あるときは二つの顔、二組の手足を持つ超人、
またあるときは、龍の姿となり、人々を守る』
「龍!?」
『汝は気づかぬか?自分に人とは違う霊力があることを』
「霊力なんてありません」
『ああ、そう思っている方がよいであろう。
汝の霊力は、飛騨の力の源でもあるからな』
「うそ・・」
『今日ここで、和良々と汝はつながった。
汝が望むとき、和良々の力はお前に宿る』
「御歳大神さま・・・」
『一之宮かぐら』
「はい・・」
『その名に恥じぬよう、巫女として精進せよ』
「は、はい・・・」
神の声が聞こえなくなると、目の前に石の鳥居が現れた。
私は、後ろ髪をひかれる思いで、鳥居をくぐる。
すると、目の前には見慣れた風景。
灯りのともった絵馬殿から、笙(しょう)の音が聞こえてくる。
あれ?
私がさっき、鳥居をくぐってから、時間はまったく進んでいない。
夢?
違う。
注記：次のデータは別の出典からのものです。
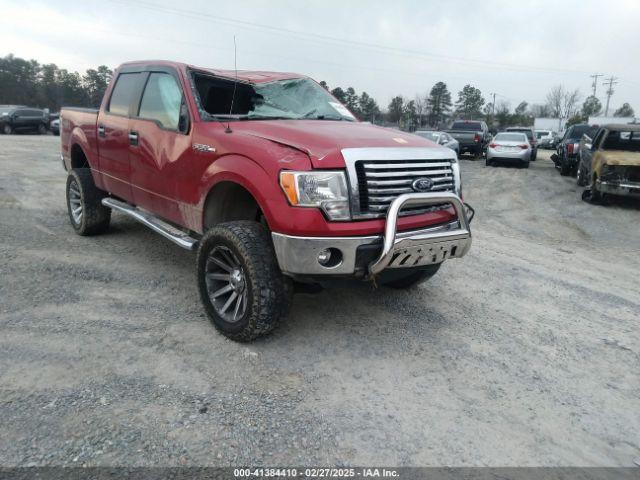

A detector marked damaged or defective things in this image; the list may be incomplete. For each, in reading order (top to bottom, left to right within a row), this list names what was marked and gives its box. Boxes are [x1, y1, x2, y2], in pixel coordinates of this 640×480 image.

夢じゃない。
学生カバンには桜の花びらがくっついている。
私は花びらをハンカチで包み、カバンにしまった。
もうすぐ大祓えの神事。
神楽の舞で、私にできることを精一杯見てもらおう。
そのあとはインターハイ。
こっちも悔いのないように全力をつくさなきゃ。
どっちも私にとっては、大切な舞台。
私は、神職の方達が待つ絵馬殿へ、軽やかに走っていく。
揺れるカバンの中で、私を寿(ことほぐ)ぐように神楽鈴が鳴っていた。